Attitudes matter too, said Diana Coffa, a staff member on the new initiative and the family and community residency director at San Francisco General Hospital and associate professor of family and community medicine at UC San Francisco.  “Even if a patient presents to a treatment program requesting help, there is a prolonged intake with questions such as ‘how do you spend your money’ and then you are told to come back in a week, when you wanted to start treatment then and there.” Patients in those encounters have a sense of being toyed with, said Coffa and they have a week to lose their motivation. “But with the new program we can say to them, you want treatment, let’s do it today, let’s lower the barrier. Let’s only ask the questions that matter most.”

A dramatically new approach is key to the pilot’s success, Coffa said. “The norm in residential addiction treatment is that people have to prove they are motivated,” she said, “as opposed to the low-barrier concept.” Too many programs take a moralistic approach to addiction, blaming it on lack of will power or moral character instead of illness. “But in reality, if someone doesn’t take your help, you must not be offering the right help,” said Coffa.

Acknowledging the role that racism plays is crucial, Coffa said. “When addiction was primarily harming people of color, the reaction was very moralistic, but now that it is increasingly a white epidemic, we are starting to have more of a compassionate approach.” The change in attitude is appropriate, said Coffa, but she adds that “we must continue to be compassionate with the next drug crisis, which may not be only white.”

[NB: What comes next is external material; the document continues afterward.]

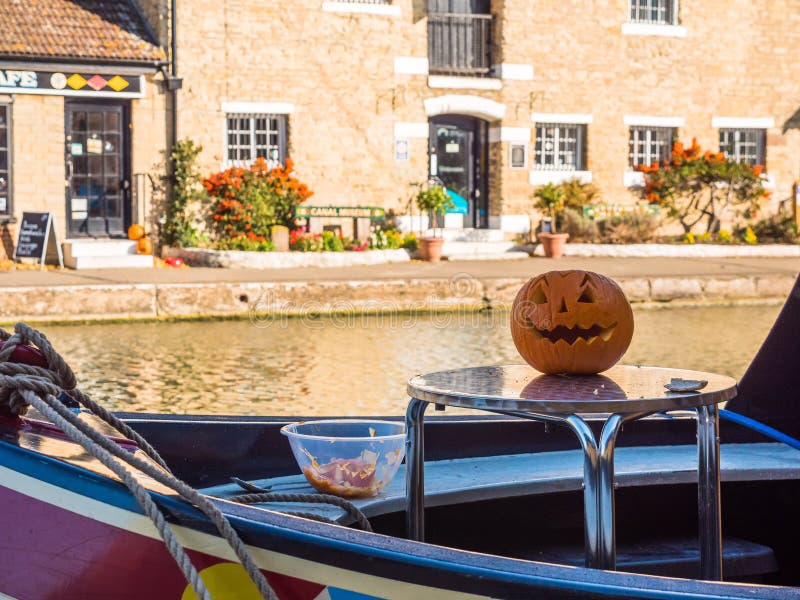 Rifornisca Bruerne il Regno Unito il 31 ottobre 2018: Halloween scolpito che pumpking sulla tavola fuori della barca di fiume del fotografia stock Rifornisca Bruerne il Regno Unito il 31 ottobre 2018: Halloween scolpito che pumpking sulla tavola fuori della barca di fiume del fotografia stock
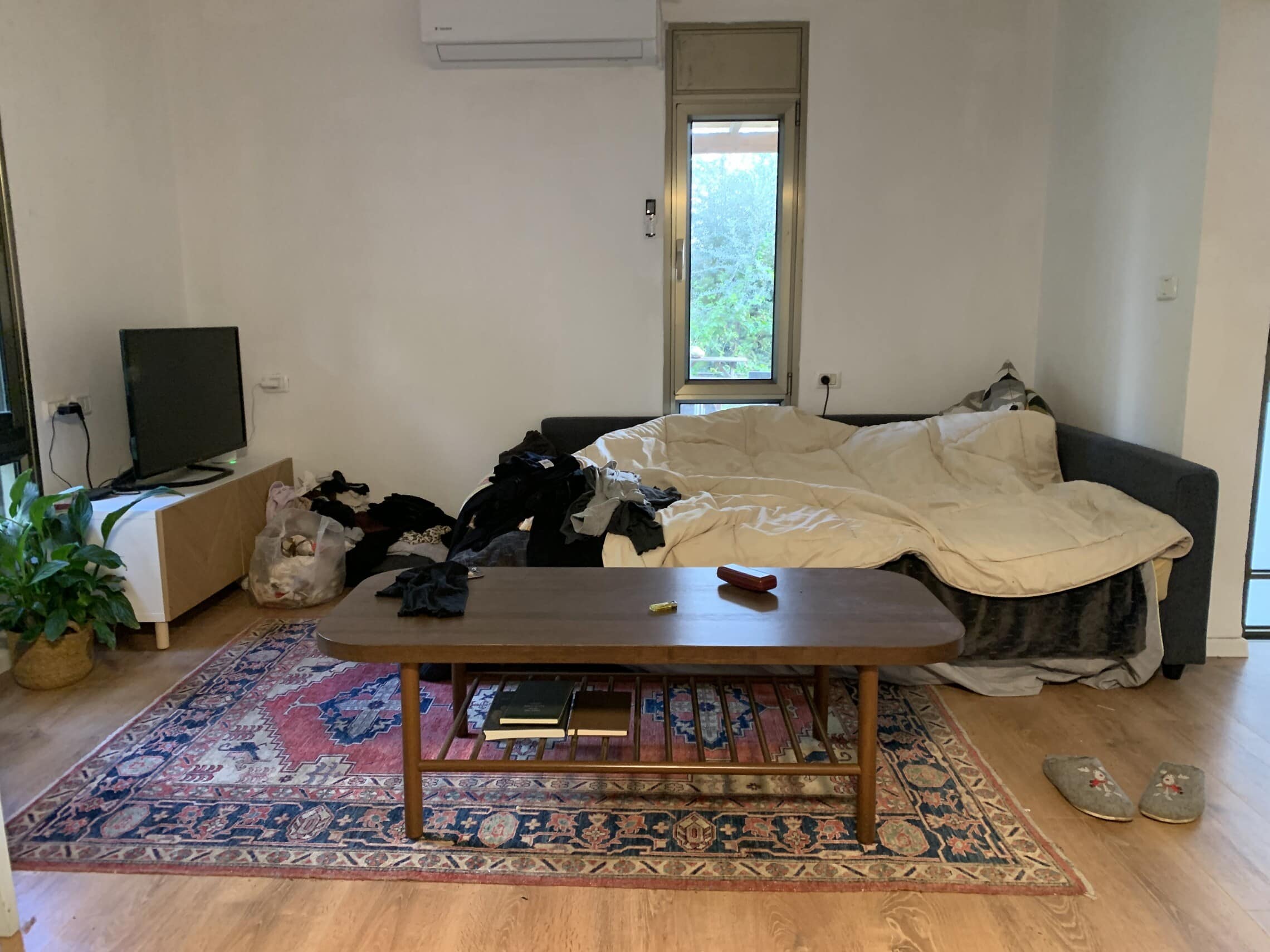 הספה בסלון שעליה ישנה חדוה שתם-עבאדי בדירה הזמנית בעמיקם, דצמבר 2023 (צילום: תמר מור סלע)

According to the California Department of Public Health, no other communities in the state have started identical programs but Barry Zevin said he fielded inquiries from across the state during a recent presentation at the annual meeting of the American Society of Addiction Medicine, which was held in San Diego. He’s been in touch with addiction specialists in several California cities who are interested in duplicating San Francisco’s program.

“San Francisco for many reasons is a good city to test this intervention, as it has a large homeless population and many addiction resources,” said Gail D’Onofrio, head of the emergency department at Yale New Haven Hospital.

D’Onofrio is the lead researcher on clinical trials in several cities that are examining the feasibility of starting treatment when people with substance use disorders come to the emergency room. She gives high marks to the San Francisco treatment program. “I think this is a very innovative idea,” she said. “If it proves to be an effective model, then other cities should test implementing the practice.”